What you need to do: All of the records below are to be printed exactly; the pictures are to be left out.

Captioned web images
++++++++++

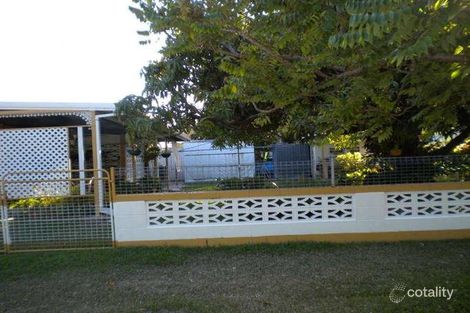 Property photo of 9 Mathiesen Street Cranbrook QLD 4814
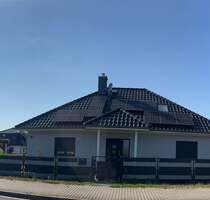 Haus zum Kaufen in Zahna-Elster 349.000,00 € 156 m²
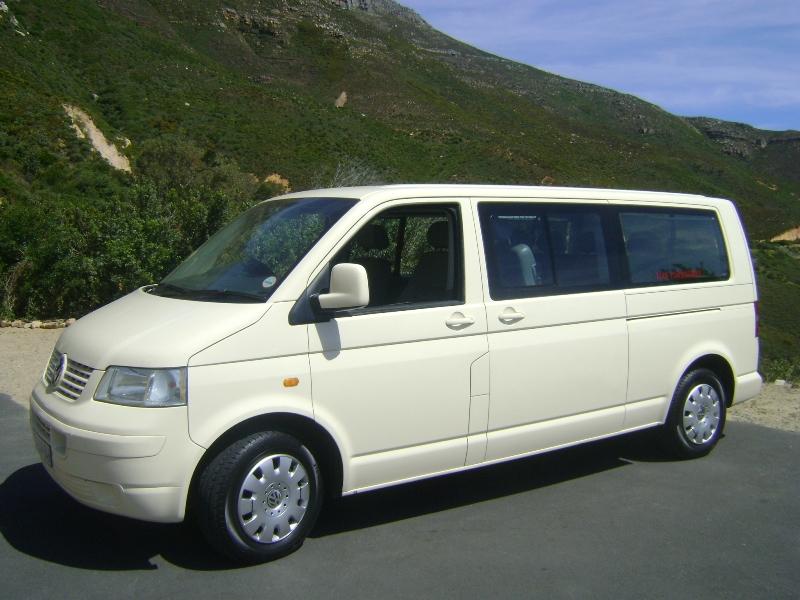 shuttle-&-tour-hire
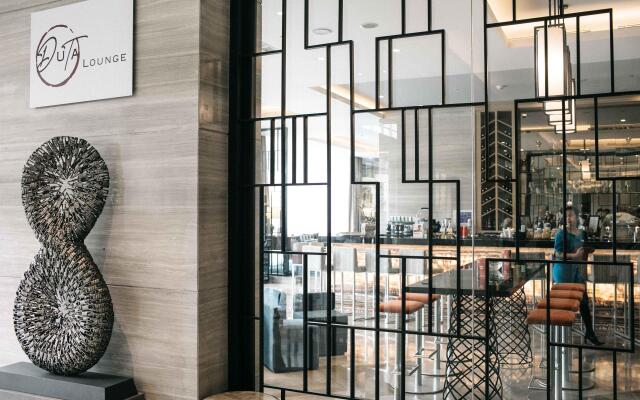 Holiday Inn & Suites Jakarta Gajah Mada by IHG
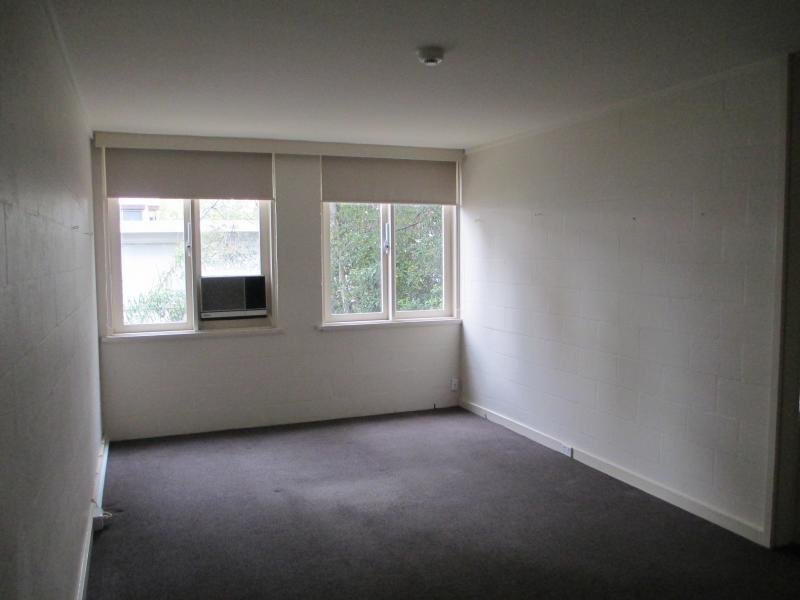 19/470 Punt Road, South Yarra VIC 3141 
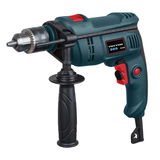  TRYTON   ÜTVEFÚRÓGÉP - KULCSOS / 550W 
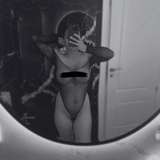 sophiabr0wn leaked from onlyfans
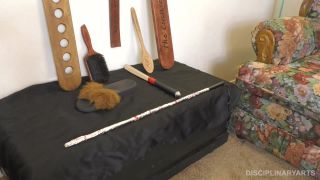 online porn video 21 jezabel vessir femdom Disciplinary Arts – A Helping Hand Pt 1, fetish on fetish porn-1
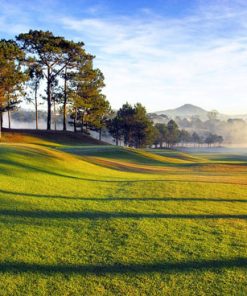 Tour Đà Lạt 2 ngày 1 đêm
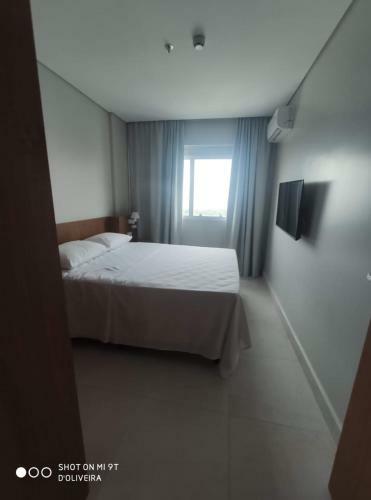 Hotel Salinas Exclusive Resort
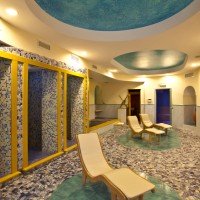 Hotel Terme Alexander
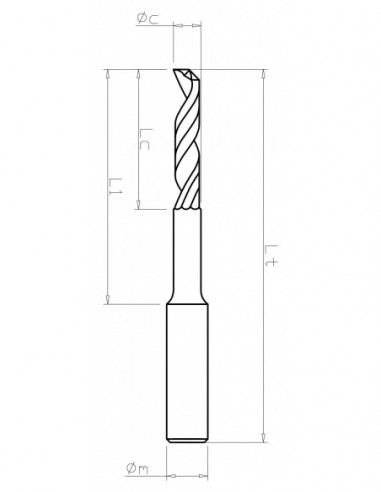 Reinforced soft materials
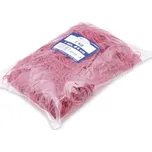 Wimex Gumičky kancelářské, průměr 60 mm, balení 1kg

++++++++++

Answer for this exercise:
 Property photo of 9 Mathiesen Street Cranbrook QLD 4814
 Haus zum Kaufen in Zahna-Elster 349.000,00 € 156 m²
 shuttle-&-tour-hire
 Holiday Inn & Suites Jakarta Gajah Mada by IHG
 19/470 Punt Road, South Yarra VIC 3141 
  TRYTON   ÜTVEFÚRÓGÉP - KULCSOS / 550W 
 sophiabr0wn leaked from onlyfans
 online porn video 21 jezabel vessir femdom Disciplinary Arts – A Helping Hand Pt 1, fetish on fetish porn-1
 Tour Đà Lạt 2 ngày 1 đêm
 Hotel Salinas Exclusive Resort
 Hotel Terme Alexander
 Reinforced soft materials
 Wimex Gumičky kancelářské, průměr 60 mm, balení 1kg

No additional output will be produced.